*** Data extract

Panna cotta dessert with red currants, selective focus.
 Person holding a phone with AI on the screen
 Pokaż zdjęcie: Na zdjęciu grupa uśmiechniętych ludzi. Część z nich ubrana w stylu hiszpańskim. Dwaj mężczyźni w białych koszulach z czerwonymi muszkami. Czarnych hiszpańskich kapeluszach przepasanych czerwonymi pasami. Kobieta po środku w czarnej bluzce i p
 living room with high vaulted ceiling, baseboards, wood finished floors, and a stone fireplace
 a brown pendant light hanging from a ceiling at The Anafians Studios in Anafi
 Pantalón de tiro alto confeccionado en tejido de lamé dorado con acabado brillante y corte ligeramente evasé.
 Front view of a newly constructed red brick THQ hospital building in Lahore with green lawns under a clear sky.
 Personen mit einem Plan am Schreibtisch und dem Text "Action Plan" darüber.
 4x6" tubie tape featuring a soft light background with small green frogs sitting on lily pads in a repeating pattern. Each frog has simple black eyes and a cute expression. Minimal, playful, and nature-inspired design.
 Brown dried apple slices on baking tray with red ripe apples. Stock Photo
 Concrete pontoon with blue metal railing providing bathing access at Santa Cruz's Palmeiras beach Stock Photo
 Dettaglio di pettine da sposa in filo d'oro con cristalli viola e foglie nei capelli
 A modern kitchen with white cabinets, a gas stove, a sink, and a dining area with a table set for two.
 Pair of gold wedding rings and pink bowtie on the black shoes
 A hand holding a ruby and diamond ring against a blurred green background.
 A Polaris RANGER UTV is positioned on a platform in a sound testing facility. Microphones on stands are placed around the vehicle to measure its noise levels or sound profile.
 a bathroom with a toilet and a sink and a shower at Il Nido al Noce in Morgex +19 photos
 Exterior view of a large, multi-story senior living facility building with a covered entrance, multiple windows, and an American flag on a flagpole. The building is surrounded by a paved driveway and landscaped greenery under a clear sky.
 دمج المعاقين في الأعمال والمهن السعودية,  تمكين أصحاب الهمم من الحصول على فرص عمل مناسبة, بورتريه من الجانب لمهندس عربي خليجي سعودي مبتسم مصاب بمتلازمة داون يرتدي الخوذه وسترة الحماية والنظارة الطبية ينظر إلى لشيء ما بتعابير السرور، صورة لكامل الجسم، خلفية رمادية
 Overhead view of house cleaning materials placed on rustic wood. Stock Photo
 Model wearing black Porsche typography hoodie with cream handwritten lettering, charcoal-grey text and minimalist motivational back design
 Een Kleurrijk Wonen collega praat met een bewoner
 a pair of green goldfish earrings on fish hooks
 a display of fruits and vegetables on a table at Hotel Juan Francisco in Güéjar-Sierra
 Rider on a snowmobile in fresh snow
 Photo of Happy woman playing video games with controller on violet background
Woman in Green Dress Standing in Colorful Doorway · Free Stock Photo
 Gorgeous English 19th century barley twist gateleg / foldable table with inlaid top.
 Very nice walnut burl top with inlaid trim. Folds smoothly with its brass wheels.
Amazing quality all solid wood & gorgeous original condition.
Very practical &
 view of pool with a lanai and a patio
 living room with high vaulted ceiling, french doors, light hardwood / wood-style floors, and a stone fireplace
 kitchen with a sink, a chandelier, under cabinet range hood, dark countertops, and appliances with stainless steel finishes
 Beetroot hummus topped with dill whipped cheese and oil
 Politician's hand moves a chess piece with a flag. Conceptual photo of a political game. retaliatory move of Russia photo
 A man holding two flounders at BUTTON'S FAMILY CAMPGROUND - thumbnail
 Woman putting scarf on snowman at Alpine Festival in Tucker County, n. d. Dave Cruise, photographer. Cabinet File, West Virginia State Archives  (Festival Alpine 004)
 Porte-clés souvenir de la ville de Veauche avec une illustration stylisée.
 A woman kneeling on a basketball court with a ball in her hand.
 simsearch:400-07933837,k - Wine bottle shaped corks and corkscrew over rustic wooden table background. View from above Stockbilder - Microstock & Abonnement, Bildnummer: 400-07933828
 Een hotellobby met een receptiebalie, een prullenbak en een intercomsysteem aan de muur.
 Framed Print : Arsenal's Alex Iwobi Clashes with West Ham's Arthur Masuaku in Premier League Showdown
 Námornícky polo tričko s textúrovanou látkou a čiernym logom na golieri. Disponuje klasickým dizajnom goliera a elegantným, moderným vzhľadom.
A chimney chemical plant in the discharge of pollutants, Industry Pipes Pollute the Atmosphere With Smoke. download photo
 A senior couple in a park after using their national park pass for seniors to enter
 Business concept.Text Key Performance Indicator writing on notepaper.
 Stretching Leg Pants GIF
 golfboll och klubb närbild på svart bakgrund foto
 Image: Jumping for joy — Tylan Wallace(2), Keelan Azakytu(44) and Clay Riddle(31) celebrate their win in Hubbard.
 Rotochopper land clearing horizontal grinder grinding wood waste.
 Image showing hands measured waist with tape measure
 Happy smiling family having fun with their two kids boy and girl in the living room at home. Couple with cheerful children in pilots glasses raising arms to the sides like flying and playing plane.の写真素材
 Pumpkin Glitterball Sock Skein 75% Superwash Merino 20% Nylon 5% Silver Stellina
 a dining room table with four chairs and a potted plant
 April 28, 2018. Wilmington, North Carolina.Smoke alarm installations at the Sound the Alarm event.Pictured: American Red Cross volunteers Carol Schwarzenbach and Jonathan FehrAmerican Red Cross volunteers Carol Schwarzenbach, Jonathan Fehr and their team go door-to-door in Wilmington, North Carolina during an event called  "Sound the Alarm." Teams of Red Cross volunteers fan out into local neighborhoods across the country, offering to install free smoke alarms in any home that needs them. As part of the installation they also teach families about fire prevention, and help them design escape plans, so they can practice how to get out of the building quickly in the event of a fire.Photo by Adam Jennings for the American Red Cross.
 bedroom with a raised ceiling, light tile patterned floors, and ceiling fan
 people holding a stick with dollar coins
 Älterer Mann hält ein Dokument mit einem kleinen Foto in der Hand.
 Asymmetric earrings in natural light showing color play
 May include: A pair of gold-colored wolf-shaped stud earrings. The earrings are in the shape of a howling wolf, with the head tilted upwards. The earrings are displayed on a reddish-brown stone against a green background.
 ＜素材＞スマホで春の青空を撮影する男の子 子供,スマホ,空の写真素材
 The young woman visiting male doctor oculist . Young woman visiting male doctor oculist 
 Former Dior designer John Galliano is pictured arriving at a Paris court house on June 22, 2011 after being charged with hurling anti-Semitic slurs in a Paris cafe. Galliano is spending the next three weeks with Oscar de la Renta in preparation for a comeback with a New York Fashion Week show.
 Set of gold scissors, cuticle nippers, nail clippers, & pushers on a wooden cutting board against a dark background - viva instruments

******

• **Problem to solve**: Output all of the listing exactly as written.

• **Task solution**:
Panna cotta dessert with red currants, selective focus.
 Person holding a phone with AI on the screen
 Pokaż zdjęcie: Na zdjęciu grupa uśmiechniętych ludzi. Część z nich ubrana w stylu hiszpańskim. Dwaj mężczyźni w białych koszulach z czerwonymi muszkami. Czarnych hiszpańskich kapeluszach przepasanych czerwonymi pasami. Kobieta po środku w czarnej bluzce i p
 living room with high vaulted ceiling, baseboards, wood finished floors, and a stone fireplace
 a brown pendant light hanging from a ceiling at The Anafians Studios in Anafi
 Pantalón de tiro alto confeccionado en tejido de lamé dorado con acabado brillante y corte ligeramente evasé.
 Front view of a newly constructed red brick THQ hospital building in Lahore with green lawns under a clear sky.
 Personen mit einem Plan am Schreibtisch und dem Text "Action Plan" darüber.
 4x6" tubie tape featuring a soft light background with small green frogs sitting on lily pads in a repeating pattern. Each frog has simple black eyes and a cute expression. Minimal, playful, and nature-inspired design.
 Brown dried apple slices on baking tray with red ripe apples. Stock Photo
 Concrete pontoon with blue metal railing providing bathing access at Santa Cruz's Palmeiras beach Stock Photo
 Dettaglio di pettine da sposa in filo d'oro con cristalli viola e foglie nei capelli
 A modern kitchen with white cabinets, a gas stove, a sink, and a dining area with a table set for two.
 Pair of gold wedding rings and pink bowtie on the black shoes
 A hand holding a ruby and diamond ring against a blurred green background.
 A Polaris RANGER UTV is positioned on a platform in a sound testing facility. Microphones on stands are placed around the vehicle to measure its noise levels or sound profile.
 a bathroom with a toilet and a sink and a shower at Il Nido al Noce in Morgex +19 photos
 Exterior view of a large, multi-story senior living facility building with a covered entrance, multiple windows, and an American flag on a flagpole. The building is surrounded by a paved driveway and landscaped greenery under a clear sky.
 دمج المعاقين في الأعمال والمهن السعودية,  تمكين أصحاب الهمم من الحصول على فرص عمل مناسبة, بورتريه من الجانب لمهندس عربي خليجي سعودي مبتسم مصاب بمتلازمة داون يرتدي الخوذه وسترة الحماية والنظارة الطبية ينظر إلى لشيء ما بتعابير السرور، صورة لكامل الجسم، خلفية رمادية
 Overhead view of house cleaning materials placed on rustic wood. Stock Photo
 Model wearing black Porsche typography hoodie with cream handwritten lettering, charcoal-grey text and minimalist motivational back design
 Een Kleurrijk Wonen collega praat met een bewoner
 a pair of green goldfish earrings on fish hooks
 a display of fruits and vegetables on a table at Hotel Juan Francisco in Güéjar-Sierra
 Rider on a snowmobile in fresh snow
 Photo of Happy woman playing video games with controller on violet background
Woman in Green Dress Standing in Colorful Doorway · Free Stock Photo
 Gorgeous English 19th century barley twist gateleg / foldable table with inlaid top.
 Very nice walnut burl top with inlaid trim. Folds smoothly with its brass wheels.
Amazing quality all solid wood & gorgeous original condition.
Very practical &
 view of pool with a lanai and a patio
 living room with high vaulted ceiling, french doors, light hardwood / wood-style floors, and a stone fireplace
 kitchen with a sink, a chandelier, under cabinet range hood, dark countertops, and appliances with stainless steel finishes
 Beetroot hummus topped with dill whipped cheese and oil
 Politician's hand moves a chess piece with a flag. Conceptual photo of a political game. retaliatory move of Russia photo
 A man holding two flounders at BUTTON'S FAMILY CAMPGROUND - thumbnail
 Woman putting scarf on snowman at Alpine Festival in Tucker County, n. d. Dave Cruise, photographer. Cabinet File, West Virginia State Archives  (Festival Alpine 004)
 Porte-clés souvenir de la ville de Veauche avec une illustration stylisée.
 A woman kneeling on a basketball court with a ball in her hand.
 simsearch:400-07933837,k - Wine bottle shaped corks and corkscrew over rustic wooden table background. View from above Stockbilder - Microstock & Abonnement, Bildnummer: 400-07933828
 Een hotellobby met een receptiebalie, een prullenbak en een intercomsysteem aan de muur.
 Framed Print : Arsenal's Alex Iwobi Clashes with West Ham's Arthur Masuaku in Premier League Showdown
 Námornícky polo tričko s textúrovanou látkou a čiernym logom na golieri. Disponuje klasickým dizajnom goliera a elegantným, moderným vzhľadom.
A chimney chemical plant in the discharge of pollutants, Industry Pipes Pollute the Atmosphere With Smoke. download photo
 A senior couple in a park after using their national park pass for seniors to enter
 Business concept.Text Key Performance Indicator writing on notepaper.
 Stretching Leg Pants GIF
 golfboll och klubb närbild på svart bakgrund foto
 Image: Jumping for joy — Tylan Wallace(2), Keelan Azakytu(44) and Clay Riddle(31) celebrate their win in Hubbard.
 Rotochopper land clearing horizontal grinder grinding wood waste.
 Image showing hands measured waist with tape measure
 Happy smiling family having fun with their two kids boy and girl in the living room at home. Couple with cheerful children in pilots glasses raising arms to the sides like flying and playing plane.の写真素材
 Pumpkin Glitterball Sock Skein 75% Superwash Merino 20% Nylon 5% Silver Stellina
 a dining room table with four chairs and a potted plant
 April 28, 2018. Wilmington, North Carolina.Smoke alarm installations at the Sound the Alarm event.Pictured: American Red Cross volunteers Carol Schwarzenbach and Jonathan FehrAmerican Red Cross volunteers Carol Schwarzenbach, Jonathan Fehr and their team go door-to-door in Wilmington, North Carolina during an event called  "Sound the Alarm." Teams of Red Cross volunteers fan out into local neighborhoods across the country, offering to install free smoke alarms in any home that needs them. As part of the installation they also teach families about fire prevention, and help them design escape plans, so they can practice how to get out of the building quickly in the event of a fire.Photo by Adam Jennings for the American Red Cross.
 bedroom with a raised ceiling, light tile patterned floors, and ceiling fan
 people holding a stick with dollar coins
 Älterer Mann hält ein Dokument mit einem kleinen Foto in der Hand.
 Asymmetric earrings in natural light showing color play
 May include: A pair of gold-colored wolf-shaped stud earrings. The earrings are in the shape of a howling wolf, with the head tilted upwards. The earrings are displayed on a reddish-brown stone against a green background.
 ＜素材＞スマホで春の青空を撮影する男の子 子供,スマホ,空の写真素材
 The young woman visiting male doctor oculist . Young woman visiting male doctor oculist 
 Former Dior designer John Galliano is pictured arriving at a Paris court house on June 22, 2011 after being charged with hurling anti-Semitic slurs in a Paris cafe. Galliano is spending the next three weeks with Oscar de la Renta in preparation for a comeback with a New York Fashion Week show.
 Set of gold scissors, cuticle nippers, nail clippers, & pushers on a wooden cutting board against a dark background - viva instruments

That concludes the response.